▶ [WHAT YOU WILL DO]:
Give back the lines below verbatim, omitting all pictures.

▶ [GIVEN DATA]:
========================================================================
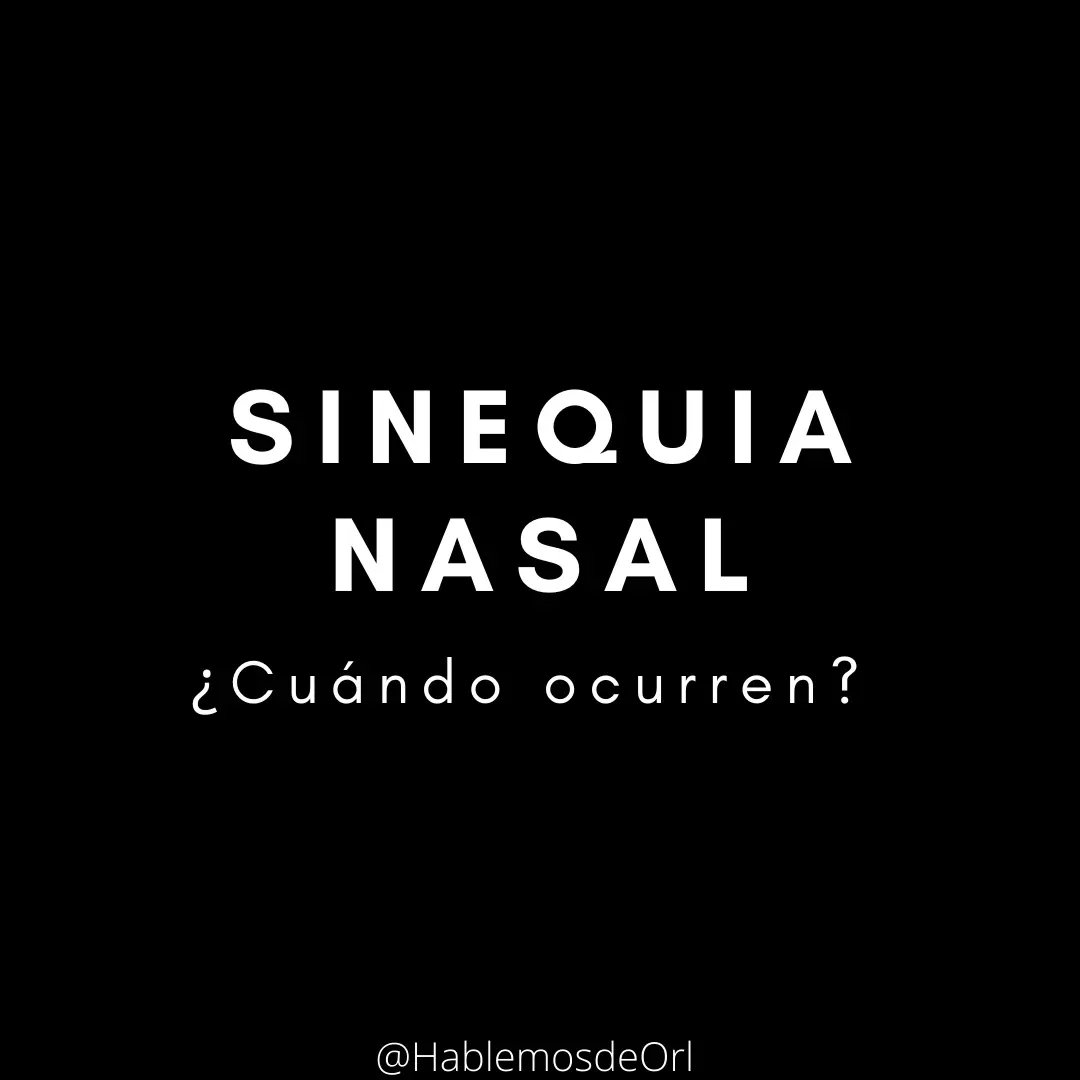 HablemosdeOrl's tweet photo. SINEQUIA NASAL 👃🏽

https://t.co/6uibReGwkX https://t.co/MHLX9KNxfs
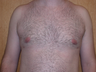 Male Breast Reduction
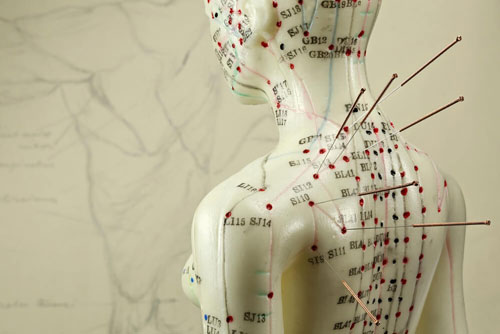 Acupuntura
========================================================================
▶ [EXPECTED ANSWER]:
 HablemosdeOrl's tweet photo. SINEQUIA NASAL 👃🏽

https://t.co/6uibReGwkX https://t.co/MHLX9KNxfs
 Male Breast Reduction
 Acupuntura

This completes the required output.